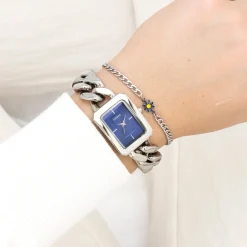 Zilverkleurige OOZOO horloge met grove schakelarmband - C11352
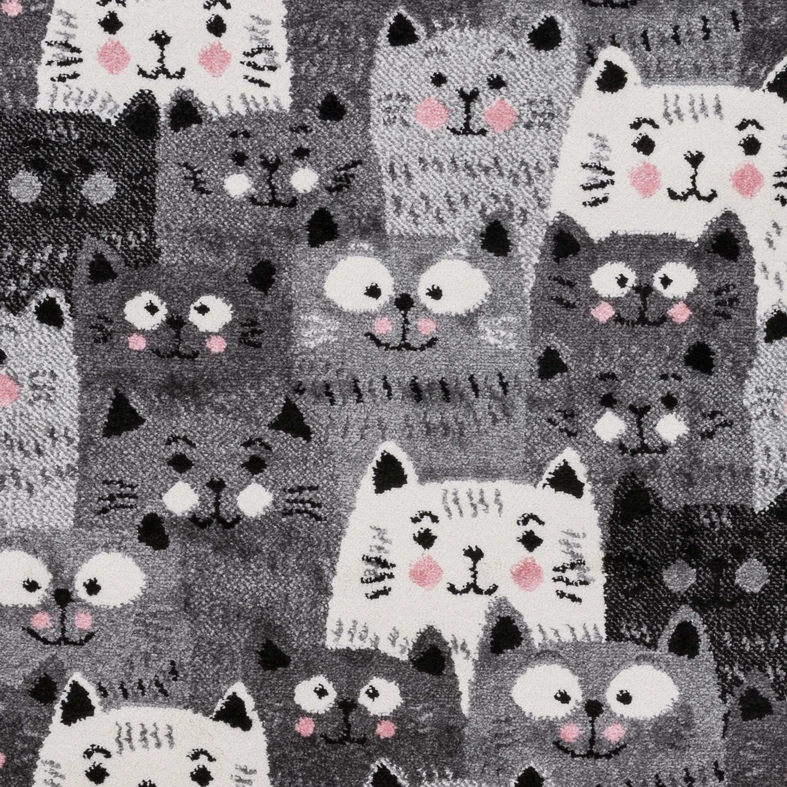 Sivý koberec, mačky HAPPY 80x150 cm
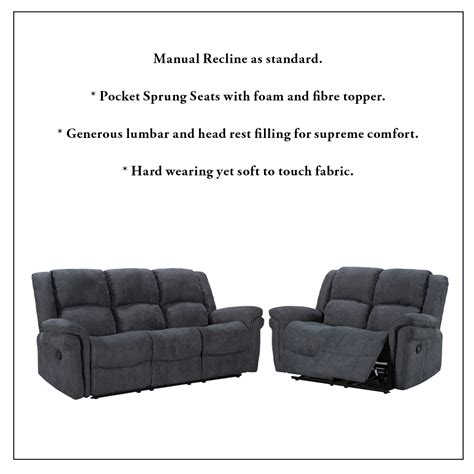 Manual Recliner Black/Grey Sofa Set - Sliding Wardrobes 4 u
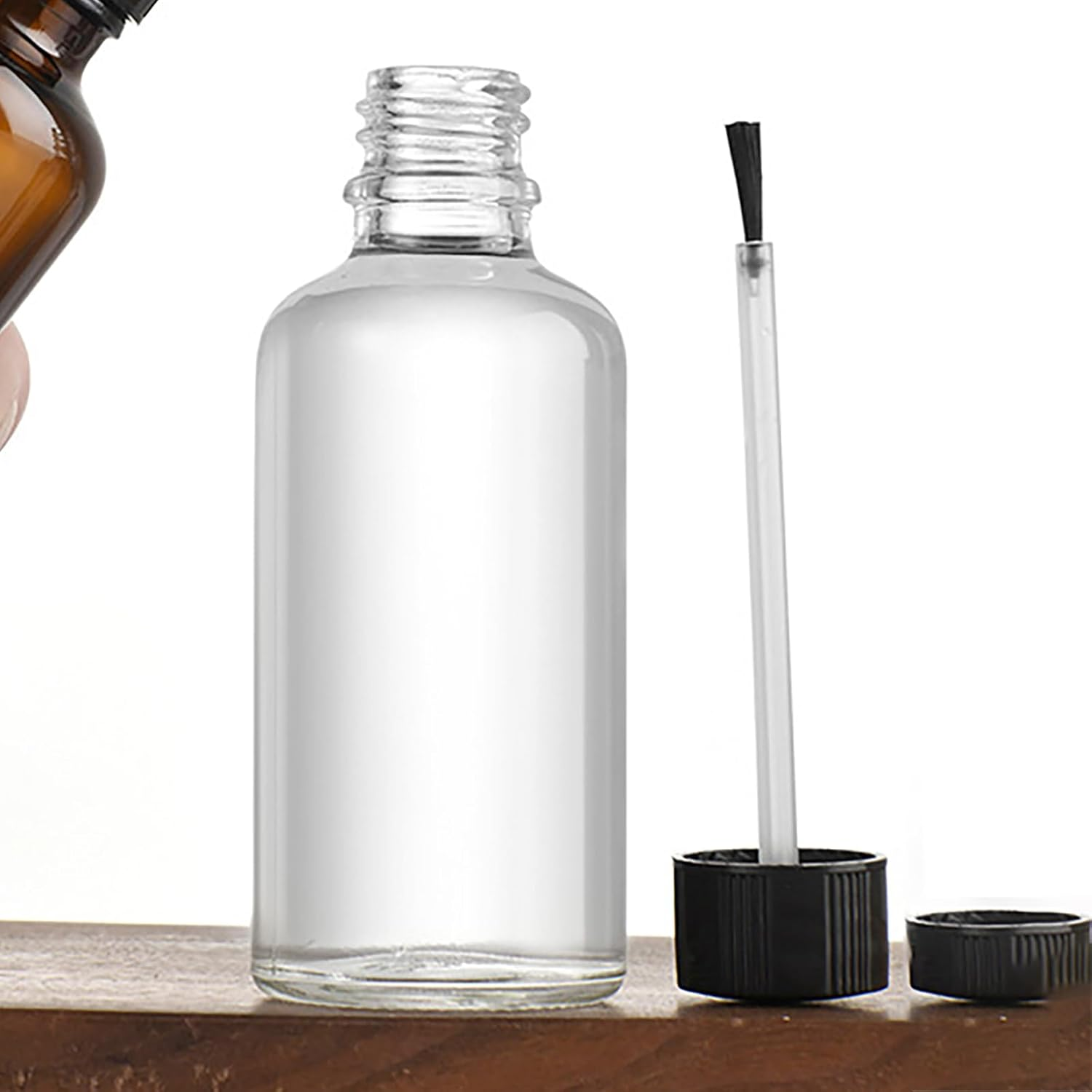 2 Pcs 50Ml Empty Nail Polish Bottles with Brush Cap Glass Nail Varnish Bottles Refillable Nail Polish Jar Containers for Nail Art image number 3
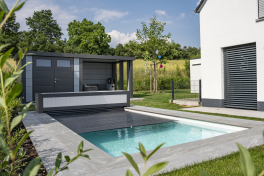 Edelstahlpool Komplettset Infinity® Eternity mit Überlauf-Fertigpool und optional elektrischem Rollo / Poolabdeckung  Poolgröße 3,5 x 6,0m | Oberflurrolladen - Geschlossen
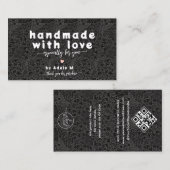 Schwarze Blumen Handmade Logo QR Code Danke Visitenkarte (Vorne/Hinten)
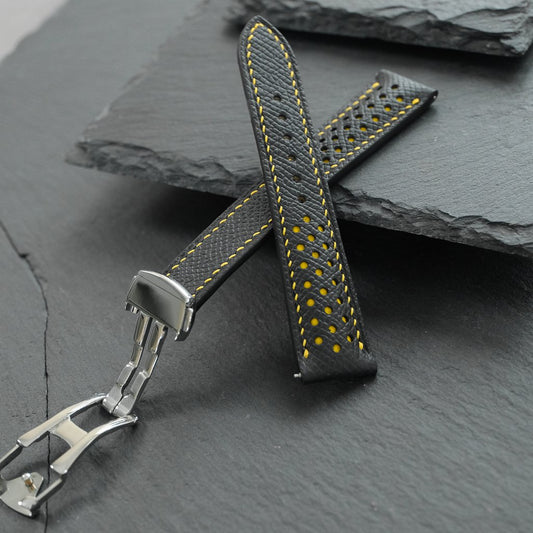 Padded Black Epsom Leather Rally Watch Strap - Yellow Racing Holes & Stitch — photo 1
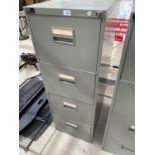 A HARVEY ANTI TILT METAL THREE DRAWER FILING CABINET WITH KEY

::::

Problem requirements:
Give again, word for word, the line containing "Schwarze Blumen Handmade" and every line after it to the end of the records; leave out the pictures.

Answer to this exercise:
 Schwarze Blumen Handmade Logo QR Code Danke Visitenkarte (Vorne/Hinten)
 Padded Black Epsom Leather Rally Watch Strap - Yellow Racing Holes & Stitch — photo 1
 A HARVEY ANTI TILT METAL THREE DRAWER FILING CABINET WITH KEY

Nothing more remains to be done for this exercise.